Super funds from Canada have a well known thirst for irrigation water where agriculture is concerned.
The Canadian slice of Australian water has risen by 282 per cent in four years.
The Canadians have stayed well out in front in terms of the top 10 overseas countries with the biggest stake in Australian water.
It is interesting the biggest foreign water owners and Aussie farm land owners do not line up.
China is the biggest foreign owner of Australian farm land - Canada comes in at number five.
The size of the water holdings they have a financial interest in relates to the type of invests they like to invest in - horticulture, grazing and cropping.
The Foreign Investment Review Board has produced two yearly reports of late - foreign ownership of agricultural land - and water ownership.
The 10 foreign owners of water (in gigalitres) are:
Canada 810, USA 626, China 604, UK 377, France 161, Hong Kong 134, Netherlands 109, Germany 108, Belgium 103, Switzerland 103.

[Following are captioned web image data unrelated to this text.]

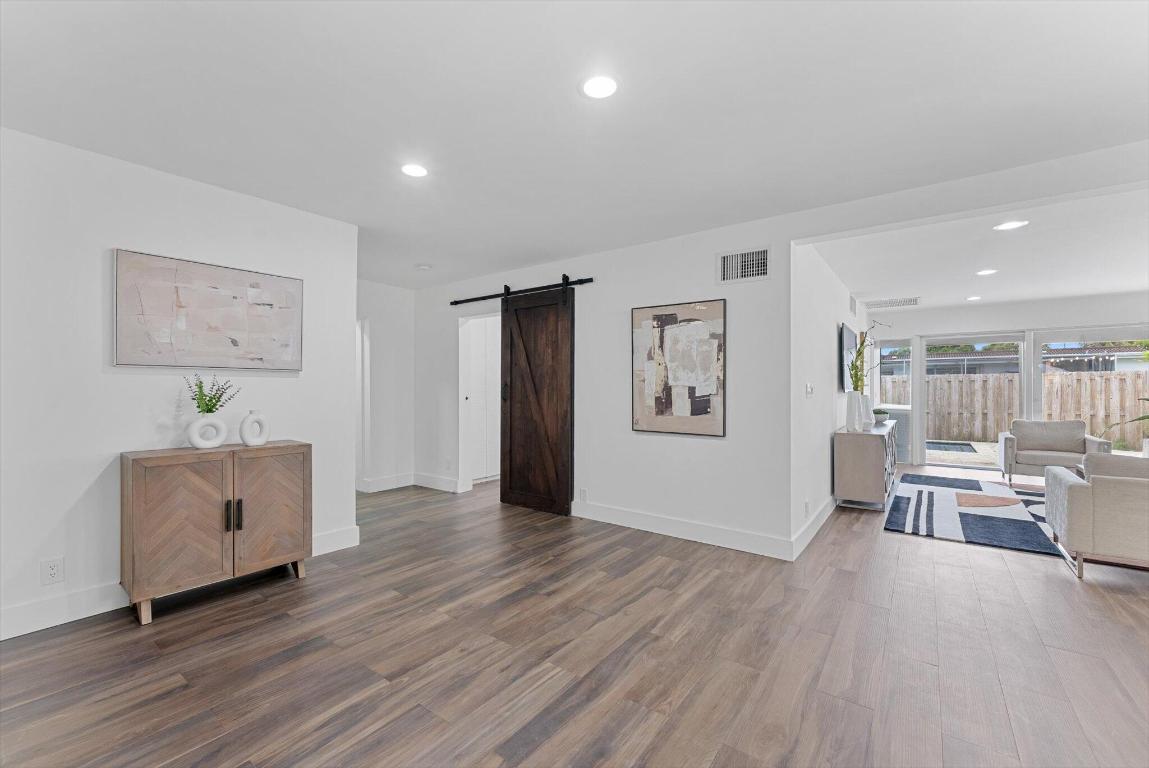 HOLLYWOOD HILLS AMEN PLAT - Residential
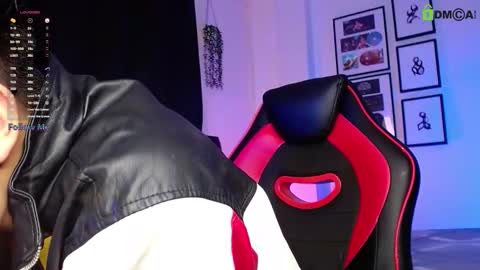 Isaac Saenz. online show from 12-16-25, 11:32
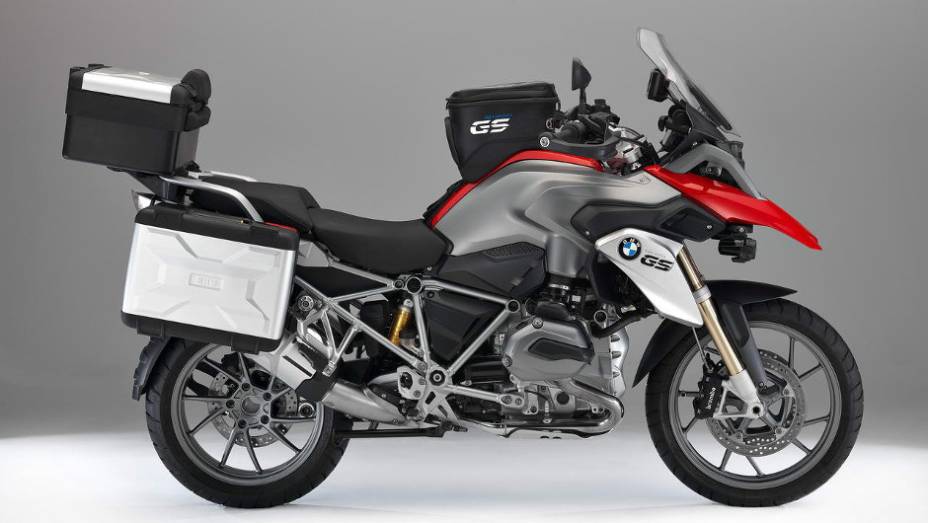 A versão topo de linha que conta com suspensão com ajuste eletrônico | <a href="https://gutenberg.quatrorodas.abril.com.br/moto/noticias/nova-bmw-r-1200-gs-chega-r-73-400-738866.shtml" rel="migration">Leia mais</a>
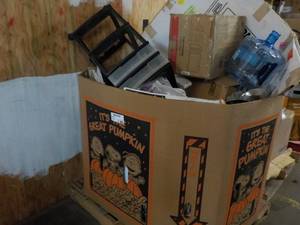 Pallet Lot of Returns, Leftovers an...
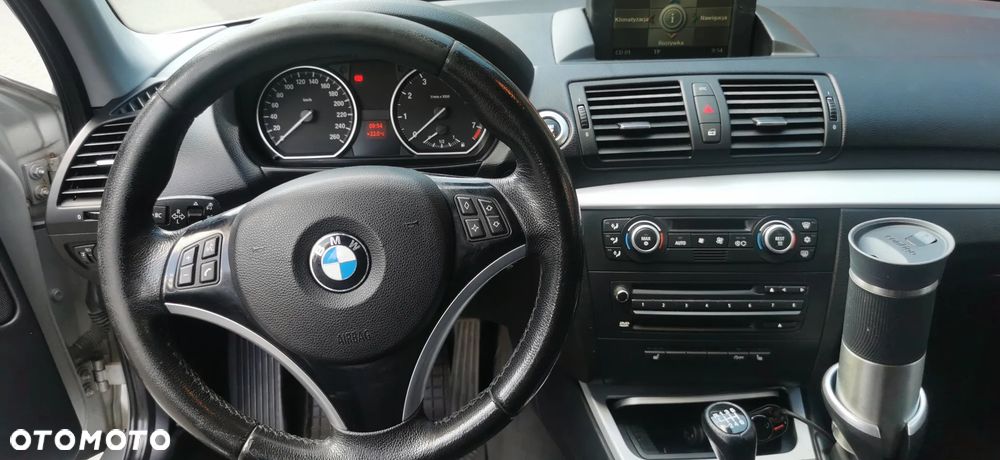 BMW Seria 1 120i - 8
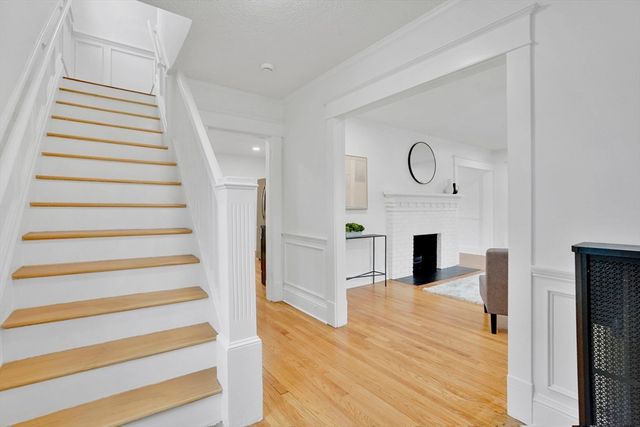 51 Hartford Ter, Springfield, MA 01118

When total foreign freehold and leasehold interests are combined China has the largest holding of agricultural land at 2.3pc, shadowed by the United Kingdom (2.2pc), the USA (0.8pc), Netherlands 0.7pc, and then comes Canada with 0.6pc.
Foreign involvement is defined under Australian law as being of 20pc and more.
The Bureau of Meteorology calculated 39,739 gigalitres of water entitlements were on issue in Australia by the end of June last year.
Foreign owners are involved in more than 10 per cent of these entitlements.
The government water register found the total volume of foreign held water entitlements in Australia with a level of foreign ownership rose from 4299 gigalitres to 4389 gigalitres in the past year.
Using the BOM measure of Australian water entitlements on issue, the estimated proportion of water entitlements with a level of foreign ownership was 11pc.
The top four water entitlement holders by country are:
Canada (2pc), US (1.6pc), China (1.5pc), UK (1pc).
China and the US swapped rankings from the year before.
Canada was well down on the list four years ago when it had an involvement in 212 gigalitres of Australian water.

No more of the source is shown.